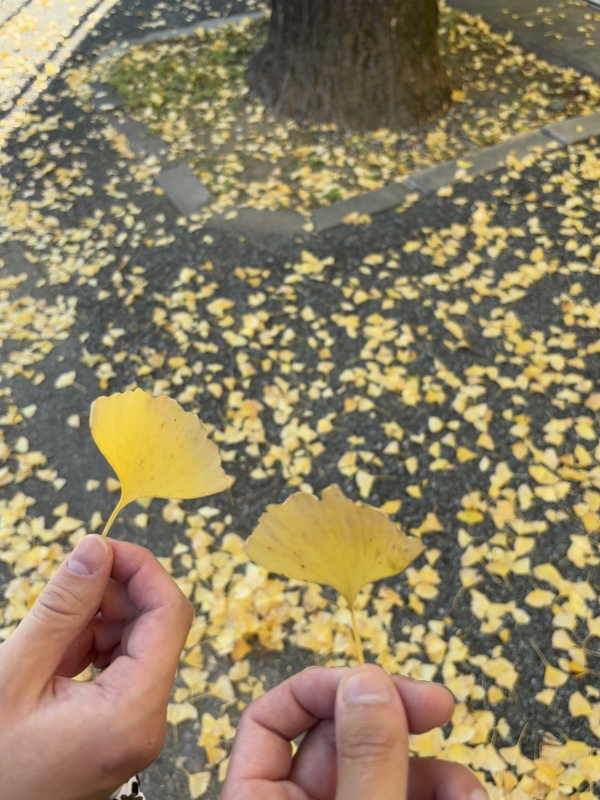 MASH(ﾏｯｼｭ) いちょうミッケ！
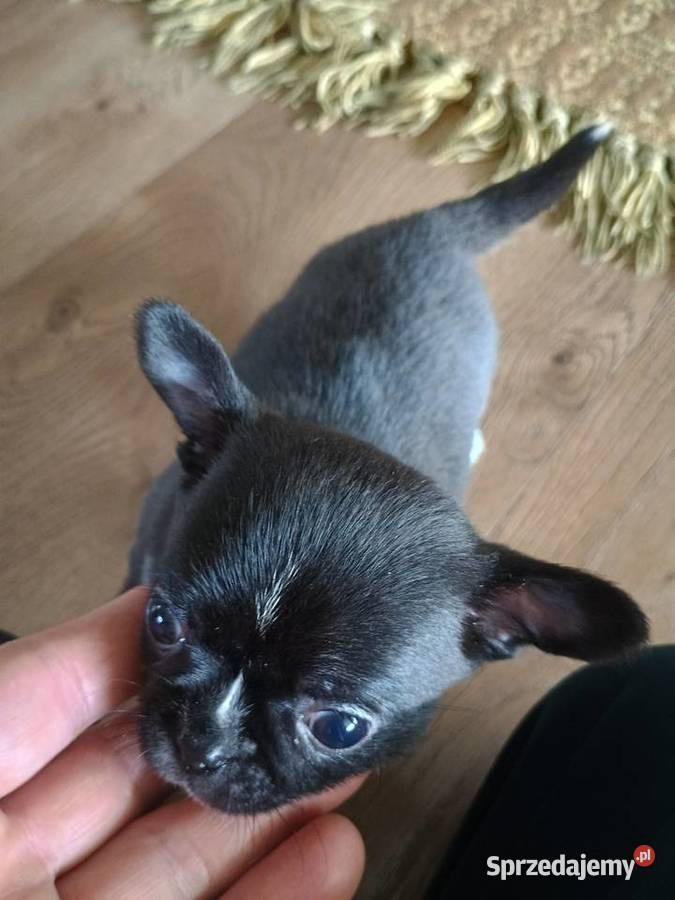 Chihuahua malutki xxs gorzka czekolada Radomsko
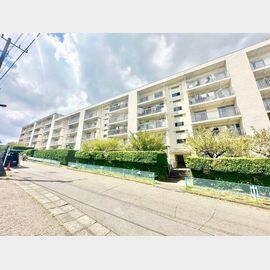 若木住宅３号棟の賃貸物件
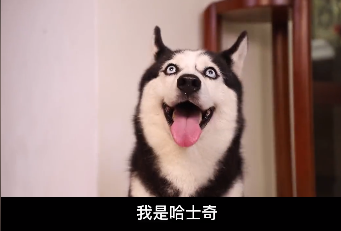 網紅狗排行前十名是誰？ 盤點那些全網最受歡迎的網紅犬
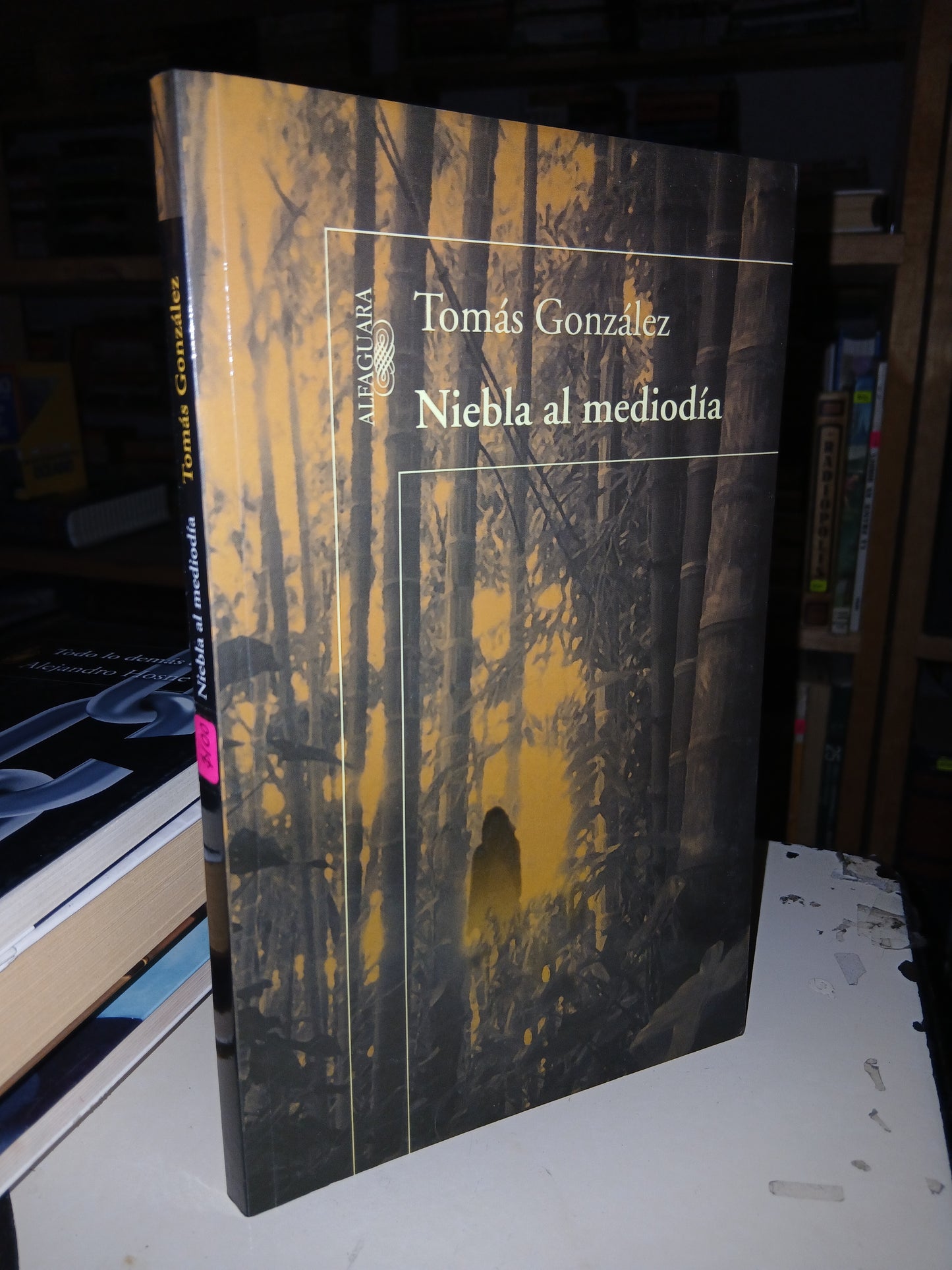 NIEBLA AL MEDIODÍA POR TOMÁS GONZÁLEZ USADO NOVELA LITERARIO 207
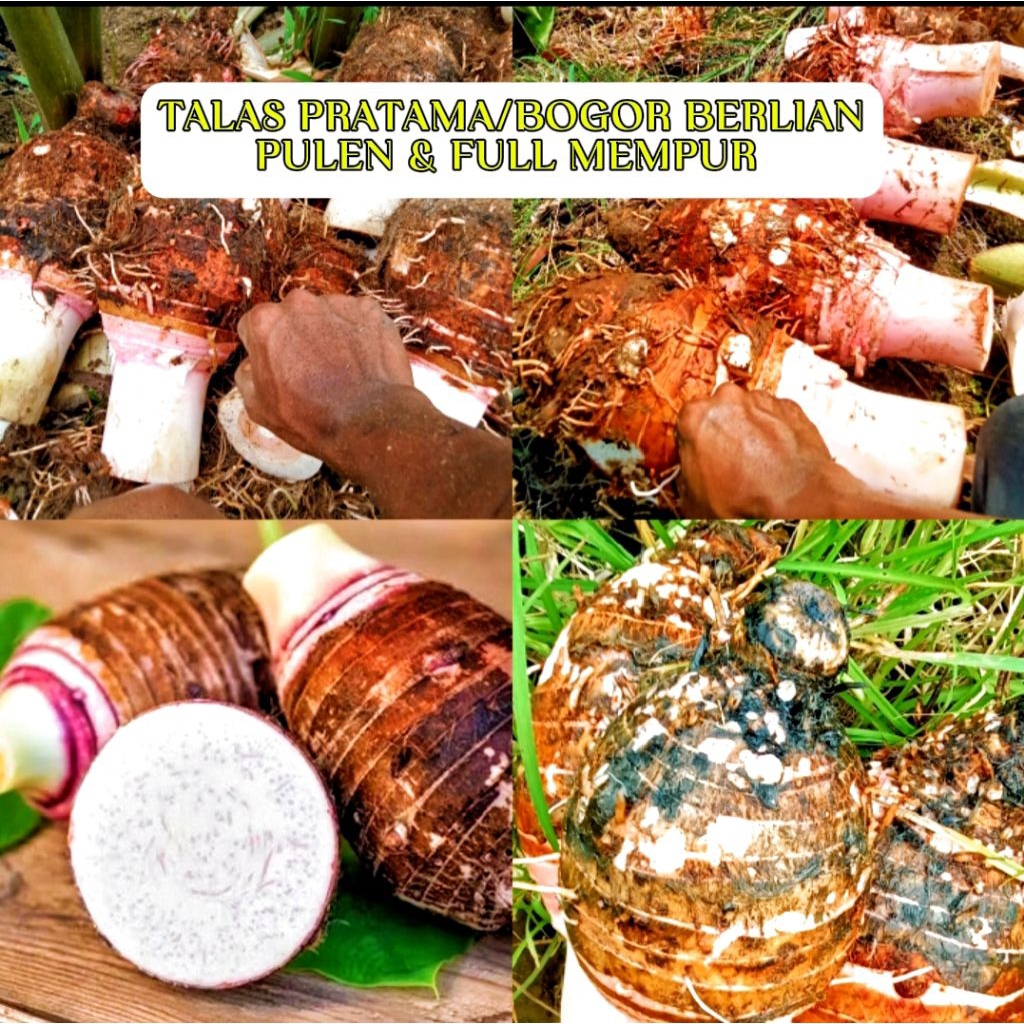 Talas Bogor Talas Pratama Talas bentul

----

◆ How to complete this task ◆
Retype the data in full. Images do not go in the copy.

◆ Response ◆
 MASH(ﾏｯｼｭ) いちょうミッケ！
 Chihuahua malutki xxs gorzka czekolada Radomsko
 若木住宅３号棟の賃貸物件
 網紅狗排行前十名是誰？ 盤點那些全網最受歡迎的網紅犬
 NIEBLA AL MEDIODÍA POR TOMÁS GONZÁLEZ USADO NOVELA LITERARIO 207
 Talas Bogor Talas Pratama Talas bentul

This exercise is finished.